Top of ENTRIES PROVIDED
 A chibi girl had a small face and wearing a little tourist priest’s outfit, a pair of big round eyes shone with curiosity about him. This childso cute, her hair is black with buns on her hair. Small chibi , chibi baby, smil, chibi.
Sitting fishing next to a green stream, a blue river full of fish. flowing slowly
Bottom of ENTRIES PROVIDED
Top of ENTRIES PROVIDED
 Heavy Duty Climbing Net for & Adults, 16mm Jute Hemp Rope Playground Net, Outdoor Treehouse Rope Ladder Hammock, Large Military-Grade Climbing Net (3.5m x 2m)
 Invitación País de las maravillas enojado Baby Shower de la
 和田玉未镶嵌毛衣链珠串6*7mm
Bottom of ENTRIES PROVIDED
Quote the data above from the line containing "A chibi girl" to the line containing "Sitting fishing next", inclusive, and stop.

 A chibi girl had a small face and wearing a little tourist priest’s outfit, a pair of big round eyes shone with curiosity about him. This childso cute, her hair is black with buns on her hair. Small chibi , chibi baby, smil, chibi.
Sitting fishing next to a green stream, a blue river full of fish. flowing slowly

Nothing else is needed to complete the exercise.